Friday, February 10, 2012

Poet Donald Hall on Fresh Air

Godine is proud to publish titles by 83-year-old former poet laureate Donald Hall, including String Too Short to Be Saved and the children's books Lucy's Summer, Lucy's Christmas, and The Man Who Lived Alone. NPR's Fresh Air just interviewed Hall ("A Poet's View 'Out the Window'"). Here are highlights:

On the most unanticipated part of growing older

"I don't mean to sound superior, but when I was a young man, like 60, I looked at 83-year-olds as if they came from another galaxy. And now I find myself being seen that way. . . . In general, sometimes I don't exist. People don't see me. I know I would have been like that [when I was younger], but it is weird to be in that position."

On fulfillment

"As long as I can do my work and continue to enjoy myself working on words, as in this essay ["Out the Window"], I feel fulfilled. My body causes me trouble when I cross the room, but when I am sitting down writing, I am in my heaven — my old heaven. I began writing when I was 12, I don't think very well. But I've been doing it my whole life. It's been the center of my life, with loves and children, but writing is something I have that not everyone has that I adore."

On living in his grandparents' house

"It's an enormous comfort, which is only interrupted by sad thoughts. I don't mean I'm cheerful every minute about what happens to the house after I die. I live with more bookcases and with crazy pictures on the walls in the same rooms where I spent this delectable childhood, and it is wonderful. I really always wanted to live here. I didn't think I could ever afford to live here. I came to visit my grandmother as she got to be very old, but it seemed out of reach with what I do for a living. Then I married [the late poet] Jane Kenyon and we came here to visit; and she was born and grew up in Michigan, and fell in love with the house, the landscape, what she could see of the social mores of the country. She wanted to live here."

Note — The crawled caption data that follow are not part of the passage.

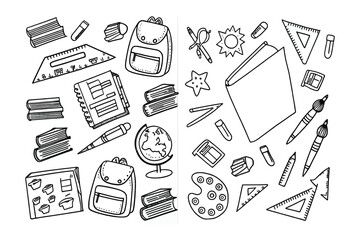 Back to School Doodle: A playful illustration of essential school supplies, perfect for designs related to education and learning.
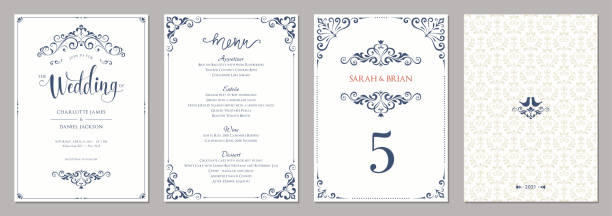 Ornate Design Templates_03 Wedding invitation, menu, table number and ornate background. wedding invitation stock illustrations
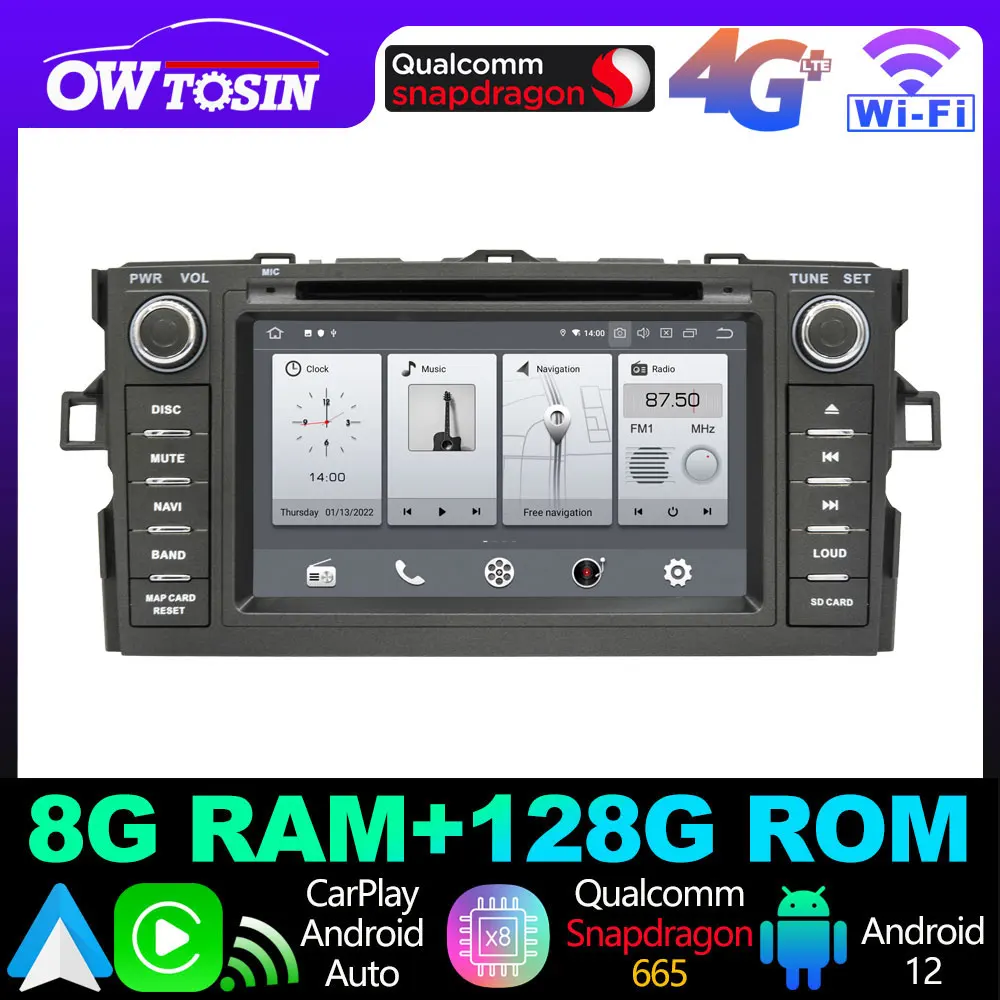 Owtosın Android 12 SM6125 6G + 128G araç DVD oynatıcı Multimedya Oynatıcı Toyota Auris 1 İçin E150 2006-2012 Radyo Video GPS CarPlay Otomatik Medya Görüntü 0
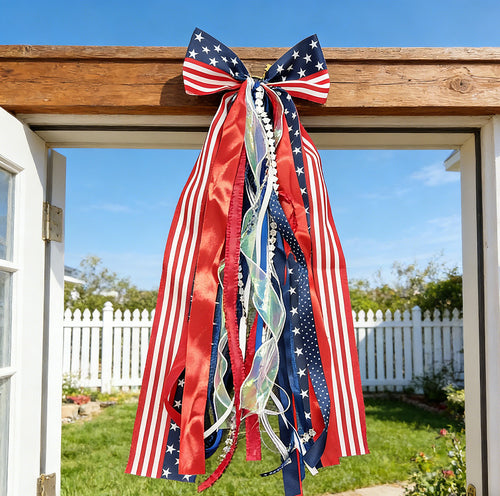 Unisex nan decorative ribbon hanging decoration with long satin and organza ribbons Bowlift
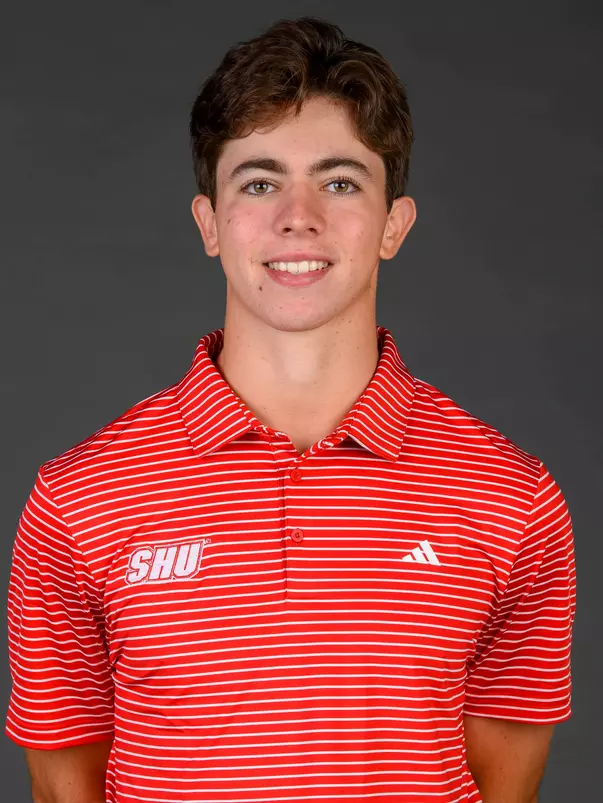 Brody DiBeneditto. A Media Day was held for the Women's Rugby, Golf, Dance, Men's Cross Country, and Cheer teams at the Martire Family Arena, Sacred Heart University, Fairfield, CT. Tuesday, August 25, 2026. Photo by: Mark F. Conrad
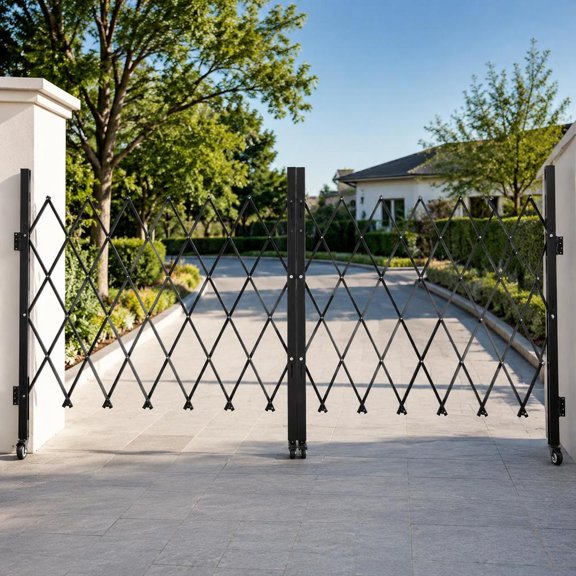 Double Folding Security Gate, 125.98 X 63.19 in, Steel Retractable Scissor Barricade Door with Lockable 360 Swivel Casters for Garage Warehouse Entry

On getting comfort from the idea of his books outliving him

"I can't say it does. I have hope, but I do not have anything like conviction or knowledge that they will. I have been alive too long among too many writers . . . who have died, and they are not thinking of afterwards. Having some success in your life doesn't mean that your work will endure. In an almanac, look at the list of winners of the Pulitzer Prize over the last 60-70 years and see how many names you remember. It's chilling. I can hope, I can daydream, but certainly think that the chances of me being read 50 years from now or 100 years from now are probably not good. That cannot be your only end. You can not write to be immortal because you will never know. It's impossible. Just write as well as you can and don't speculate about whether you will be Chaucer or Shakespeare."